To survey all possible foldings of a prototein of *r* beads, you must generate all self-avoiding walks of *r*–1 steps. There is no shortcut for producing the complete set of walks; you have to enumerate them all. And each time you add a step, you have to check to make sure the destination site is not already occupied. There are tricks for speeding up the process, but none of them fundamentally change the nature of the algorithm.

As the walks get longer, the effort of counting them grows exponentially; adding one step multiplies the number of walks by about 2.6. Through a prodigious feat of computing, A. R. Conway and A. J. Guttmann have counted all the self-avoiding walks of up to 51 steps (there are more than 10^{22}), but for the amateur in self-avoidance the practical limit is probably between 20 and 30 steps. If your computer has enough memory, you can store a list of walks rather than regenerate them for each prototein sequence; this saves a great deal of time.

Symmetries can reduce the number of walks you need to generate or store. For the purposes of molecular modeling, taking two steps east and one step north is no different from going two steps north and one step west; the paths are the same but for a 90-degree rotation. When all such symmetries are taken into account, the number of unique walks is cut to approximately 1/16th the total number. But there are still plenty of walks. At a length of 15 steps, 401,629 unique walks remain after all symmetries are eliminated.

Given a procedure for generating binary *H-P* sequences and another procedure for generating self-avoiding walks, it is a simple matter to combine them. The idea is to produce all possible combinations of sequences and walks, folding up each sequence into the geometry defined by each walk. From this collection of folded molecules you can then gather statistical information—such as the average number of *H-H* contacts—or search for notably good foldings.

# High-Scoring Molecules

What makes for a good folding? In proteins the usual measure is the Gibbs free energy, a thermodynamic quantity that depends on both energy and entropy. If you could tug on the ends of a protein chain and straighten it out, the result would be a state of high energy and low entropy. The energy is high because amino acids that "want" to be close together are held at a distance; the entropy is low because the straight chain is a highly ordered configuration.
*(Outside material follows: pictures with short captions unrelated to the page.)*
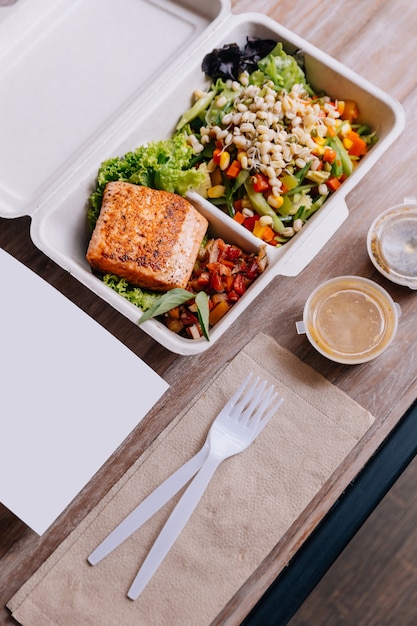 Clean food meal box: Grilled salmon fillet with tomato and bean sprout salad.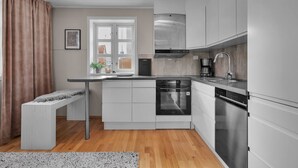 A modern kitchen with white cabinets, stainless steel appliances, a built-in oven, and a coffee maker.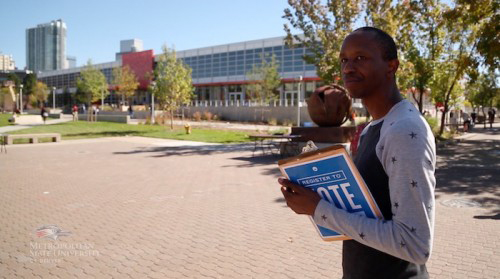 Person holding a register to vote binder in-front of Auraria Library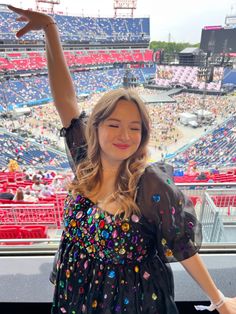 a woman standing in front of a stadium filled with people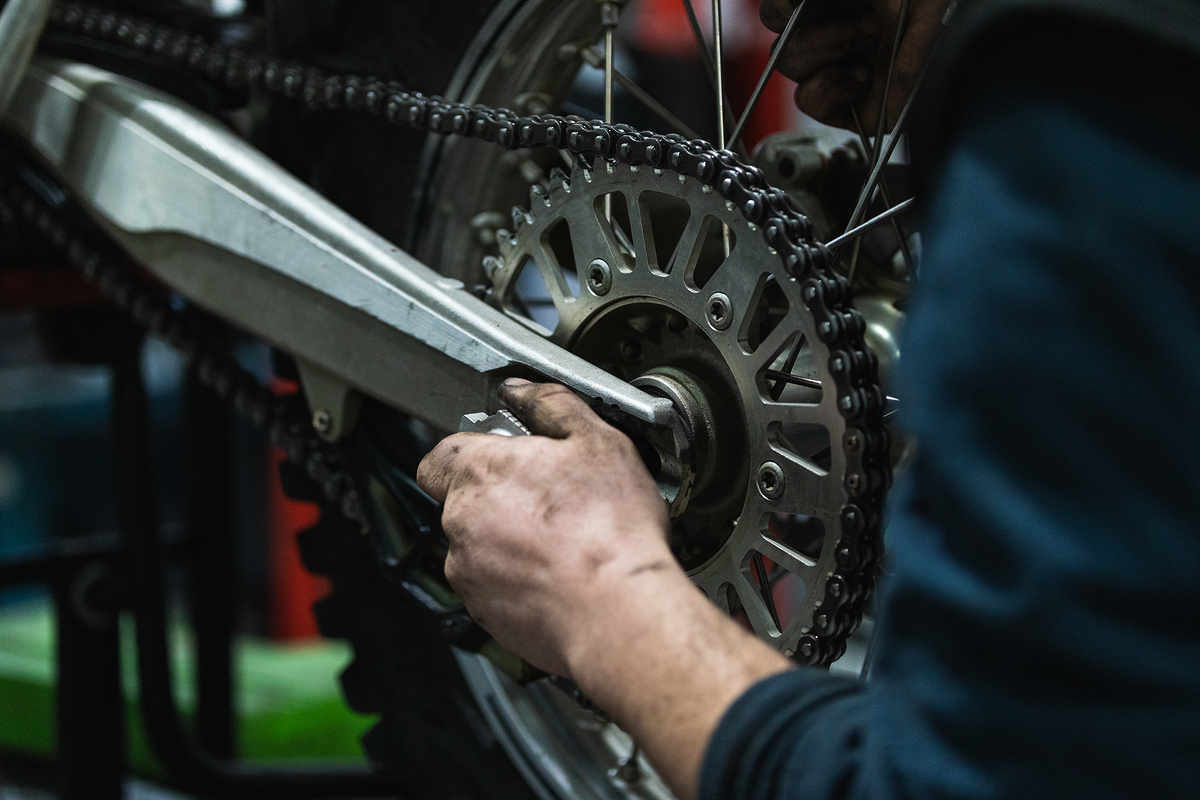 Crop anonymous male auto mechanic with dirty hands fixing wheel while repairing retro motorbike in workshop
When you let go, the chain springs back into a shape with lower energy and higher entropy, changes that translate into a lower value of the Gibbs free energy. The "native" state of a protein—the folding it adopts under natural conditions—is usually assumed to be the state with the lowest possible free energy.
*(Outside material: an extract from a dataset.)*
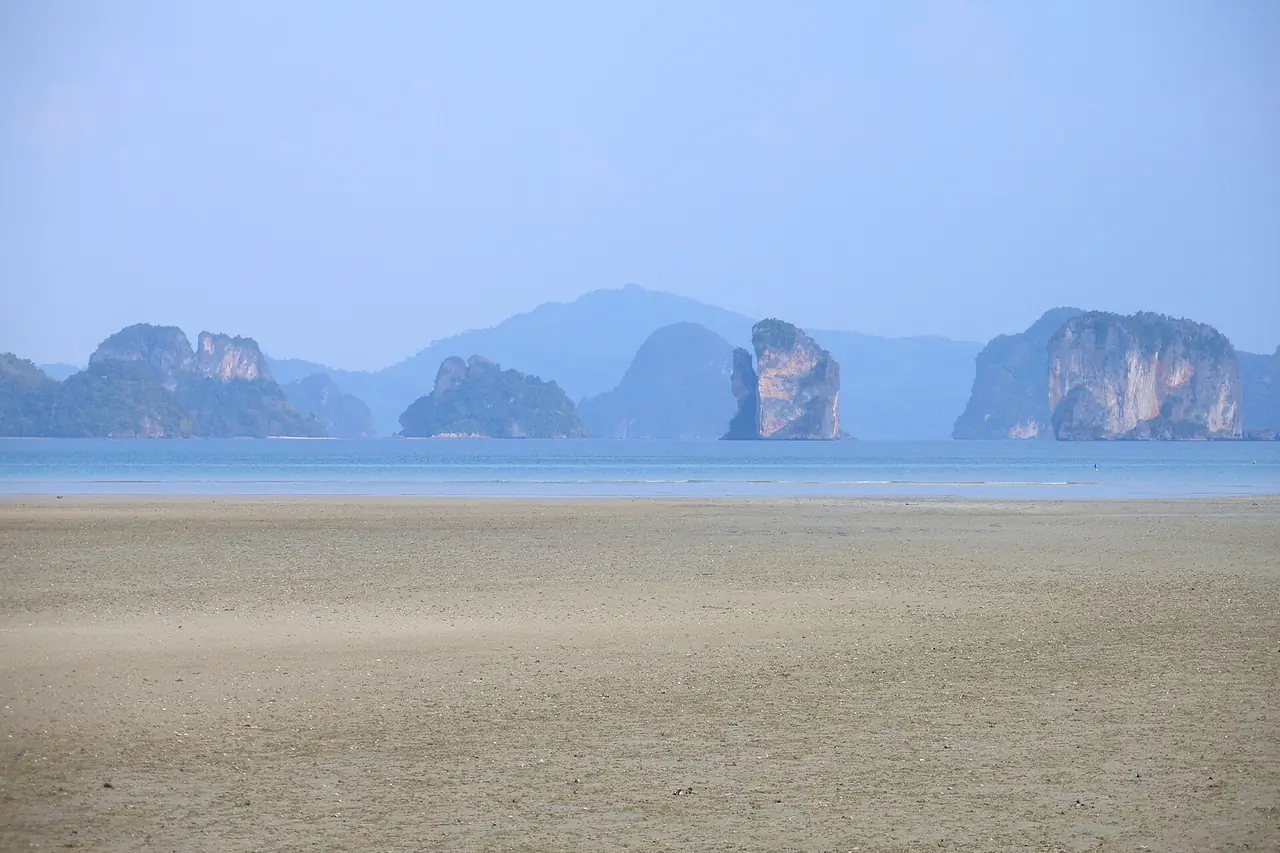 Limestone islands rising from calm water in Phang Nga Bay, seen from Koh Yao Noi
Prototeins can get along with a simpler folding criterion. Standard practice is to rank foldings simply by counting *H*-*H* contacts. It's more like keeping score than measuring energy. If the *H*'s are viewed as analogues of hydrophobic amino acids, the scoring system reflects the tendency of hydrophobic groups to seek shelter from water. But the prototein model is so abstract that it doesn't really matter what kind of force is at play between the *H*'s. Just say that *H*'s are sticky, and it takes energy to pull them apart.
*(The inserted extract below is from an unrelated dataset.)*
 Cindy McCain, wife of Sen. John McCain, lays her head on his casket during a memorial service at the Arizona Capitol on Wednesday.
One strategy for finding good folds, then, is to look for configurations that maximize the number of *H-H* contacts. A program to carry out the search runs through all the foldings of all the sequences of a given length, keeping only those foldings with the maximum number of contacts.

How many contacts are possible in a folded prototein? A little doodling on graph paper shows that the highest possible ratio of contacts to *H*'s is 7:6. Sequences that attain this limit are exceedingly rare. (I leave it as a puzzle for the reader to find the shortest such sequence, which I believe has 26 beads.) But proteins are not required to solve such mathematical puzzles. To find the stablest configurations of a given sequence, all you need do is find the foldings that have more *H-H* contacts than any other foldings of the same sequence, whether or not the number of contacts is the theoretical maximum. There is a shortcut for identifying these stable foldings. It begins with the sequence made up entirely of *H*'s, which is rather like double-sided sticky tape that collapses on itself in a crumpled ball. If any sequence at all has a folding with a given number of *H-H* contacts, then that configuration must also be among the stablest foldings of the all-*H* sequence. In the all-*H* folding, however, some of the *H*'s may not form contacts, and so they can be changed to *P*'s without altering the score of the folding. By making all such substitutions, you recover the sequence with the minimum number of *H*'s that can give rise to a given folding.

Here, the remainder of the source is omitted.